Cuando Alicia Sánchez se sirve del gore lo hace de forma quirúrgica, casi aséptica, con una narrativa secante, que introduce personajes, escenarios y situaciones con mínimos pero precisos cortes. Es como una Siouxsie Sioux de la literatura, tal vez siguiendo el espíritu de ese afterpunk del que es fan confesa, con ese equilibrio entre furia y elegancia, finura en la perversión. Su bisturí separa, secciona lo que estaba unido pero sin destruirlo, para propiciar un mejor análisis. Por supuesto la sangre fluye al aplicarlo pero enseguida se espesa, se coagula de consecuencias y se trata de buscar las causas de que sea derramada, su biografía y antecedentes, sin moralinas ni tesis, tan sólo presentándola en acto. Su técnica tiene algo de esbozo, de instantánea fotográfica que no nos cuenta la historia completa, sino que nos la esconde tras la compleja organización de lo que está en la superficie, cercana también al artículo periodístico, más como episodios de una historia mucho mayor cuya escritura tiene como objetivo sugerir, nunca delimitar ni cerrar, una narrativa siempre abierta, como las heridas que la pueblan. Hay algo del tono fragmentario e intencionalmente deslavazado de los cuadros de Francis Bacon, donde lo desintegrado se presenta en su propio proceso de descomposición y cambio frente a fondos neutros y duros.

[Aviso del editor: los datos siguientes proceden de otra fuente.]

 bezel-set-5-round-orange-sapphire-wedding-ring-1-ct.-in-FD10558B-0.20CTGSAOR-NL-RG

A esta personalísima elaboración del exceso contribuye también el apoyo en numerosos referentes cinematográficos, improntas visuales que parecen ser elaboradas de forma inconsciente, ya que, aunque la propia autora declare que no son intencionados, afloran inmanentes durante el proceso de lectura, adquiriendo un cariz muy subjetivo en función de cada lector. Por citar algunos realizadores: sin duda el magisterio de David Cronenberg, no tanto el de los festivales de la carne en Videodrome, sino el más intimista de Inseparables (Dead ringers), donde el horror corporal establece una perfecta fusión con la realidad, no en vano el ideal último de la “Nueva Carne”, y el de Consumidos, su única y demoledora incursión en la novela, muy presente en las páginas de Violeta en el jardín de fuego; el Hades fílmico de David Lynch en la dimensión de pesadilla y en el sexo tratado como revelación casi mística; Jaume Balagueró en la narración fragmentada y el estilismo de la truculencia; incluso se puede encontrar también el minimalismo emotivo y la naturaleza tentacular de la identidad y lo social de Carlos Vermut.

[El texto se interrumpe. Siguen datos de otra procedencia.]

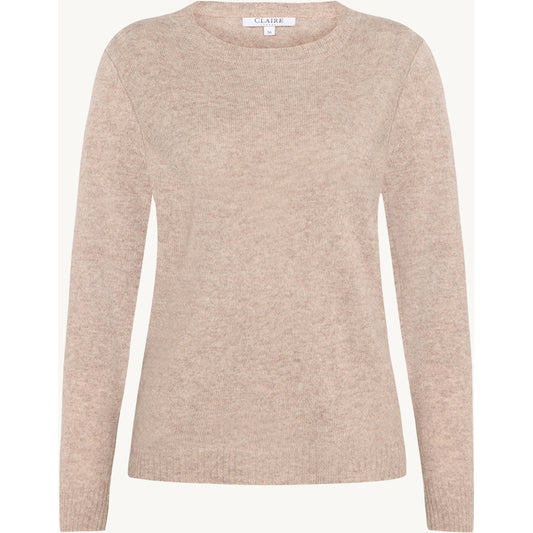 CLAIRE CWPreet Pullover 14538 Feather Mel.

La petit mort: deseo carnal y amor como sangre
Por supuesto que hay muchas más influencias. La más esencial es la del decadentismo francés, que impregna su obra de un afrancesamiento distribuido en dos líneas: una más externa y patente, que es la que inaugura la figura capital de Sade y llega hasta la olvidada Pauline Réage, pasando por Octave Mirbeau; y otra menos clara, más agazapada en espíritu, que es la de la gran renovación del lenguaje y la representación aportada por Baudelaire y los francotiradores simbolistas y parnasianos. Entremedias de todos ellos no podemos olvidar el hipotético puente que supone la figura de Georges Bataille, con ese interés por la literatura más marginal tan propio de los surrealistas.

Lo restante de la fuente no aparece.